Lettre de Manina à Cheikh Banga, n° 3767 prison de Bouzakern 81050 Maroc
Pardonne-moi si mes mots me trahissent, je ne suis pas une écrivaine aguerrie. Mais tes écrits, qui ont si souvent touché mon cœur, m’ont poussée à t’écrire. Cette lettre te parvient avec la sincérité du cœur, la lucidité de l’esprit, et la douleur mêlée d’espoir qu’engendre toute véritable révolte.
J’ai lu chacun de tes textes, échappés des barreaux de la prison. J’y ai trouvé la puissance de la parole et la fermeté de la position. Ta voix ne parle pas que pour toi, elle porte celle de tout Sahraoui libre enfermé dans les geôles de l’occupant. Et en t’écrivant aujourd’hui, je m’adresse à toi, mais aussi à travers toi, à tous les détenus politiques sahraouis qui ont choisi la dignité, et payé leur engagement au prix de leur jeunesse et de leur liberté.
Je me souviens encore de ton courage sur le terrain, de ta place en première ligne lors de l’épopée de Gdeim Izik, de ta résistance face aux juges et aux tyrans des tribunaux de l’occupation. Ta fermeté, que ni les barreaux ni les bourreaux n’ont pu ébranler, t’a toujours désigné comme un exemple, un symbole de force pour ceux qui refusent de marchander leur liberté.
Aujourd’hui, plus de quinze ans après, nous ressentons à ton côté l’affaiblissement de la flamme de l’intifada, l’étreinte de cette étincelle rallumée par vos luttes et vos sacrifices. Nous ressentons aussi le poids du silence qui s’est abattu sur les territoires occupés, autrefois bastions de révolte, dont la jeunesse faisait trembler le colonialisme.
Nous partageons avec vous cette déception, cette amertume du calme imposé. Nous savons que l’intifada n’est plus ce qu’elle était.

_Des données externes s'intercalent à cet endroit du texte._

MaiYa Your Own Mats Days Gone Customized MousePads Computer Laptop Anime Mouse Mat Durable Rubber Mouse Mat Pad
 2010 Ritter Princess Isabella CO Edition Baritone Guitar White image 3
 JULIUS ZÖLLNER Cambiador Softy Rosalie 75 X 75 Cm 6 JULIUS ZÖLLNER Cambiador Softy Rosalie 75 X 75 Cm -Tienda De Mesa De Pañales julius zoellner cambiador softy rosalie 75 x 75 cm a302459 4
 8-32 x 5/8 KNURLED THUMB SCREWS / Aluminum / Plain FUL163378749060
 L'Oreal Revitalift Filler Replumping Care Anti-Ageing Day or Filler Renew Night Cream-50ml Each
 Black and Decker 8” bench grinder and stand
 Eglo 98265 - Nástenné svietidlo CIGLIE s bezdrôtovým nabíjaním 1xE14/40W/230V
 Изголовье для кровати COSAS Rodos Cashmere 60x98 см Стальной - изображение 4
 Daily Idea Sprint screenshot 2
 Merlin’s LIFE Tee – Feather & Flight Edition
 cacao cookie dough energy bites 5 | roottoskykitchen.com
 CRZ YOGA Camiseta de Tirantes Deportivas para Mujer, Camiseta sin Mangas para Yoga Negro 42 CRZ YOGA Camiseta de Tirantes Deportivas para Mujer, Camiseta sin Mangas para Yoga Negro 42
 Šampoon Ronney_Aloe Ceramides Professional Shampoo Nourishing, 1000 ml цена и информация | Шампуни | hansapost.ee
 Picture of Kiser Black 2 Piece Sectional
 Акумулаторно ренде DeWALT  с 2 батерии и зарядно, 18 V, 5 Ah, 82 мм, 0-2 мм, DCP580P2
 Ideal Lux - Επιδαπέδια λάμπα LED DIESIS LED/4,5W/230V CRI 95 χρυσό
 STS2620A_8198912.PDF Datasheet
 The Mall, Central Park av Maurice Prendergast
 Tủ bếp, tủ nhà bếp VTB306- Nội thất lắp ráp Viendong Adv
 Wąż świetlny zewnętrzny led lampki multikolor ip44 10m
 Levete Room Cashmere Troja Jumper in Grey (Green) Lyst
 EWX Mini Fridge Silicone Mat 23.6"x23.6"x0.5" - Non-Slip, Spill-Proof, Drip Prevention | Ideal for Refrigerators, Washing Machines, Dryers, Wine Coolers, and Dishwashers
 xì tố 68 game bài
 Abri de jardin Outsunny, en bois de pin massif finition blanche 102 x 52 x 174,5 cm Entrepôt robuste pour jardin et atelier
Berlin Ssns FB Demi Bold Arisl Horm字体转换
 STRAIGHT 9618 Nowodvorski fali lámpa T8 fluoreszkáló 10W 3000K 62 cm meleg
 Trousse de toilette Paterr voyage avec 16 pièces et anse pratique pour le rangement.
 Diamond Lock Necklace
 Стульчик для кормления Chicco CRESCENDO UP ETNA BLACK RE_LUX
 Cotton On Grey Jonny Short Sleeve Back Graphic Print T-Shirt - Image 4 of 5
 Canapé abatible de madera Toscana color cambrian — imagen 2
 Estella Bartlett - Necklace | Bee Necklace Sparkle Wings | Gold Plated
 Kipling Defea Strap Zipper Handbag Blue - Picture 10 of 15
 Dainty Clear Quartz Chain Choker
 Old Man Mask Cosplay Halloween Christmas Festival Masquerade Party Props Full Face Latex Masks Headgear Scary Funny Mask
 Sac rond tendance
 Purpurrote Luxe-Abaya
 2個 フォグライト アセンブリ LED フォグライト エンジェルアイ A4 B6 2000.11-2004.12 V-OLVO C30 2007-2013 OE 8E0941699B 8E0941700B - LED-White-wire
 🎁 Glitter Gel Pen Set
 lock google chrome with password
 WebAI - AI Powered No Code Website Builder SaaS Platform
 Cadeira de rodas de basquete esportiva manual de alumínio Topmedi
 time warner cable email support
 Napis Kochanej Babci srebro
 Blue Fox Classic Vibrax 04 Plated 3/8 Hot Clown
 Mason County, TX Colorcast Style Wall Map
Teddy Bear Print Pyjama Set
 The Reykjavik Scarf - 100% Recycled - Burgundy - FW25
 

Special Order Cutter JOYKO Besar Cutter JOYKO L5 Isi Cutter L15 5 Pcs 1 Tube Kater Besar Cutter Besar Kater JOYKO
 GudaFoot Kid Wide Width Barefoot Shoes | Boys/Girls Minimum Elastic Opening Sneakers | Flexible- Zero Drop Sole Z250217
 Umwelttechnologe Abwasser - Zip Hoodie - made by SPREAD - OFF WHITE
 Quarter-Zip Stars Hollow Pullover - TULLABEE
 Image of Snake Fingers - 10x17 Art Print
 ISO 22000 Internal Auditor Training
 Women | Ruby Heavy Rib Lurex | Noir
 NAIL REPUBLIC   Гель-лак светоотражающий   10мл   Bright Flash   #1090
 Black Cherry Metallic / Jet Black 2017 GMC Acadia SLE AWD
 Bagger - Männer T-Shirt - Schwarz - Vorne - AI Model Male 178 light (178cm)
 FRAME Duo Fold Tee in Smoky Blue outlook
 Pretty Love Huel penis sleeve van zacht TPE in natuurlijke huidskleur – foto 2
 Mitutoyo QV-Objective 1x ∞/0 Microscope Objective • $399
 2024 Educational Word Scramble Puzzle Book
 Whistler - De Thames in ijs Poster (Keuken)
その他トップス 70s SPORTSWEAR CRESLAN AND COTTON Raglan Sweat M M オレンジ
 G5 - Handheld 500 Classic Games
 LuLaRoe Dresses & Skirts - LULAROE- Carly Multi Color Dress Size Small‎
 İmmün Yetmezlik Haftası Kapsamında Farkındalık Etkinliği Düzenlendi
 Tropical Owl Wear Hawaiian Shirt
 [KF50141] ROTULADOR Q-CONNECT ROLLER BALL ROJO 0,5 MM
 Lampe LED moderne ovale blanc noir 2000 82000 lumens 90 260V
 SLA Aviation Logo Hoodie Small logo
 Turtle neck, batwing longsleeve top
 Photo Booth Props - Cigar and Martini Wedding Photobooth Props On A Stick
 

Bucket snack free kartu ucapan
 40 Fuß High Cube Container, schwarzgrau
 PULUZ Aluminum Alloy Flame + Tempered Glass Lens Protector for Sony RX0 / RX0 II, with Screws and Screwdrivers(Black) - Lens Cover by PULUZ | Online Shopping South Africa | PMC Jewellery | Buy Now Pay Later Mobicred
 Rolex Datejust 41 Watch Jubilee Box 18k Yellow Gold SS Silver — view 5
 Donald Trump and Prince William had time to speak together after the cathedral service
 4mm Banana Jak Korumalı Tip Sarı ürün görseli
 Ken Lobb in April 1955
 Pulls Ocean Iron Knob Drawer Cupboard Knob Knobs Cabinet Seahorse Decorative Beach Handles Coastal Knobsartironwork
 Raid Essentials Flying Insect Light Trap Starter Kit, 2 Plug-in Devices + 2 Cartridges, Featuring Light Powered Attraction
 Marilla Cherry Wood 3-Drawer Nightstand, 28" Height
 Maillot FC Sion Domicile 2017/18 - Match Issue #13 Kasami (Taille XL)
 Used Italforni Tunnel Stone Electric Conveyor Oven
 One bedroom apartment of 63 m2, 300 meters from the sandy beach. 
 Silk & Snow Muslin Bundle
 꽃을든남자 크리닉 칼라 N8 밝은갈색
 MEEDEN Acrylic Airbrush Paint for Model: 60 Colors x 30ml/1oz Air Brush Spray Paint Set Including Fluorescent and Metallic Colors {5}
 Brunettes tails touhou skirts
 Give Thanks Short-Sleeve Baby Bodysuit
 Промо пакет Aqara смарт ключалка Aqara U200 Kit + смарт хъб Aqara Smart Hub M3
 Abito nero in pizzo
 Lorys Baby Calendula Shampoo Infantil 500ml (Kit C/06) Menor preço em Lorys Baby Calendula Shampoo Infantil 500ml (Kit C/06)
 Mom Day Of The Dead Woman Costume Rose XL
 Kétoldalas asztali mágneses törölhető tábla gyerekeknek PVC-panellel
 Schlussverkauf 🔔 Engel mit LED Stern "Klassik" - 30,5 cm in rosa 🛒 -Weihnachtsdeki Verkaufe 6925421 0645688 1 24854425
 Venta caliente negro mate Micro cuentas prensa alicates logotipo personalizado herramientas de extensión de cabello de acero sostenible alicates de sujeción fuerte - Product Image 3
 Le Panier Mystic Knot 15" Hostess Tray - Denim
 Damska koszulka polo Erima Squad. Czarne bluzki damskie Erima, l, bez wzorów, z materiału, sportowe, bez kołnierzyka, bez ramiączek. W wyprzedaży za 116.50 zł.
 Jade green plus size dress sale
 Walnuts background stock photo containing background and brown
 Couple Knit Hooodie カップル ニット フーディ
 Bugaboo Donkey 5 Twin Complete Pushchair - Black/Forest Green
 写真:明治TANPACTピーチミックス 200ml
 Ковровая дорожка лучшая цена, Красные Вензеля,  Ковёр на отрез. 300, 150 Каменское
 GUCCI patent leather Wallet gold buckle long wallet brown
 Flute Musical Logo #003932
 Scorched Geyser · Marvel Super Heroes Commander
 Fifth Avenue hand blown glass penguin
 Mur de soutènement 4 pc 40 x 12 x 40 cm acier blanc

Mais nous croyons qu’elle renaîtra. Une nouvelle génération s’élèvera, croyant à ce pour quoi vous avez donné votre jeunesse. Une génération qui fera de nouveau résonner les slogans dans les rues, qui redonnera aux quartiers insurgés leur éclat. Maâtallah, L’Inchâa, l’avenue Smara, l’avenue Al-Qods… revivront pleines de foule et de cris de liberté.
Nous chanterons à nouveau, nous réécrirons les chants révolutionnaires qui rythmaient nos mariages, en secret comme en plein jour. La police politique traquera de nouveau nos musiques, les rues gronderont du bruit des véhicules de répression, les voix s’élèveront avec des pierres accueillies par les youyous des femmes libres, et les mehlfahs se déchireront pour couvrir les visages insurgés. Une génération grimpera sur les toits lorsque les quartiers seront encerclés, une autre immortalisera la scène, pour que l’Histoire se souvienne que notre cause ne s’est jamais éteinte.
Comme tu l’as toujours dit : « C’est dans les masses que résident les miracles. »
Et peut-être que le destin sera clément, et que nous sauterons par-dessus tout cela, pour entendre enfin les chenilles des blindés fouler nos terres de Saguia El Hamra et Oued Eddahab — que ce soit dans la paix ou par la guerre.
Reste cette voix inébranlable, cette plume indomptable, ce prisonnier libre devant des barreaux ébranlés par ta volonté.
Tu demeures un espoir pour tous les Sahraouis, un emblème de liberté. Et nous prions de te voir bientôt libre, sur une terre enfin libérée.
L’enfant de Gdeim Izik qui a grandi sur l’écho des slogans.